Public art, neighborhood memory and permanence The mural stands as a new permanent presence in downtown Tucson’s public realm, intentionally readable both as an homage to specific cultural practices and as an invitation for residents to see their own histories reflected at street level. The project was facilitated by Rio Nuevo’s public-art funding and culminated in a community gathering that allowed neighbors to watch the last stages of the painting come to life. As completed, "Women Weaving History" stitches together domestic scenes, Indigenous traditions and neighborhood memory across a broad surface, placing women’s work and cultural stewardship at the center of a downtown block.
As a permanent installation, the mural will continue to function as both a visual landmark and a prompt for conversation about whose stories are represented in public space. Its Sit at a prominent intersection increases the likelihood that the imagery will be encountered by residents and visitors, and the inclusion of local references — from Sentinel Peak to the Stork's Nest history — encourages ongoing connections between the wall and neighborhood identity.
Community reactions and online conversation Live activity on X around the mural remains modest and mostly local, with Rio Nuevo and Tucson arts accounts sharing installation photos and brief recaps of the May 21 watch party. Users have echoed the artists’ emphasis on cultural continuity, posting personal stories of basket-weaving elders and tóka games in their own families; no major initiatives or viral campaigns have emerged.
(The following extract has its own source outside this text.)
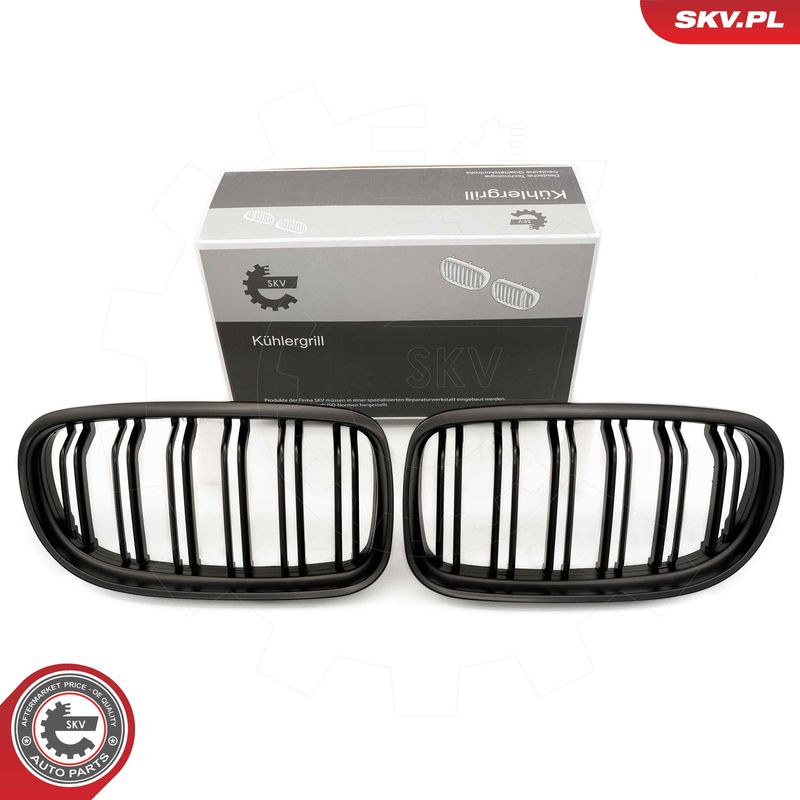 Kühlergitter ESEN SKV 66SKV101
A handful of verified local historians reposted details about the hidden Stork’s Nest references after the artists highlighted the 1930s wallpaper discovery during the event.
Locally focused social media engagement and the watch party together suggest that the mural’s most immediate impact is at the neighborhood level: prompting reminiscence, family storytelling and renewed attention to the cultural practices and histories that comprise Tucson’s communal fabric. The measured online response reflects a grassroots appreciation that may continue to grow as more people encounter the mural in person and share their own connections to the imagery.